3. The State also contends that when [Brie], the Defendant's ... daughter, was about the same age as [Megan] was (10-11 years old), she went to live with the Defendant while her mother (Defendant's ex-wife) was emotionally fragile following the death of her husband, and that the Defendant committed many similar acts of fondling and digital penetration against [Brie].

4. The State further contends that when [Brie's] friend [Tacy] (approximately 10 or 11 years old), spent a night with [Brie] at Defendant's home, the Defendant snuck in the bedroom where the two girls were sleeping, fondled the legs of [Tacy] and tried to advance up her leg toward her vagina, and that [Tacy] never told anyone except [Brie] and her [Tacy's] husband about it.

5. The State further contends that in 1999, [Callie], who was a young teenager and a friend of Defendant's daughter [Alice], was spending the night with [Alice] at the residence where [Alice] lived with her mother and the Defendant, and that [Callie] woke up to find the Defendant fondling her legs and trying to move up toward her vagina.
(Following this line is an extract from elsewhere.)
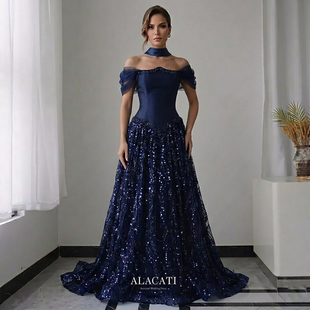 Alacati外贸高端欧美时尚一字肩高腰显瘦A摆晚礼服女年会晚宴出口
The State contends that [Callie] reported this to her mother and to law enforcement at the time.

The trial court then concluded that "[t]he acts, as proffered by the State, are similar in that it can be inferred that the Defendant had a common plan or scheme to fondle and digitally penetrate vulnerable pre-teen or teenaged children who were in his home where he had access to them[.]" The trial court granted defendant's motion to sequester the 404(b) witnesses at the same time it denied his motion in limine.The trial court also gave the following instruction before Callie's testimony regarding defendant's conduct toward her:

Members of the jury, I want to give you some instructions about this testimony. I may remind you of the same instruction when some other witnesses testify.

...

Evidence may be received tending to show that on an earlier occasion, even years earlier, that the defendant touched this witness or another witness improperly. This evidence, if it is received, if that is the evidence that comes out on the witness stand, is received solely for the purpose of showing, if it does, that there existed in the mind of the defendant a plan, scheme, or design that would be similar to or involving the same crime that is charged in this case.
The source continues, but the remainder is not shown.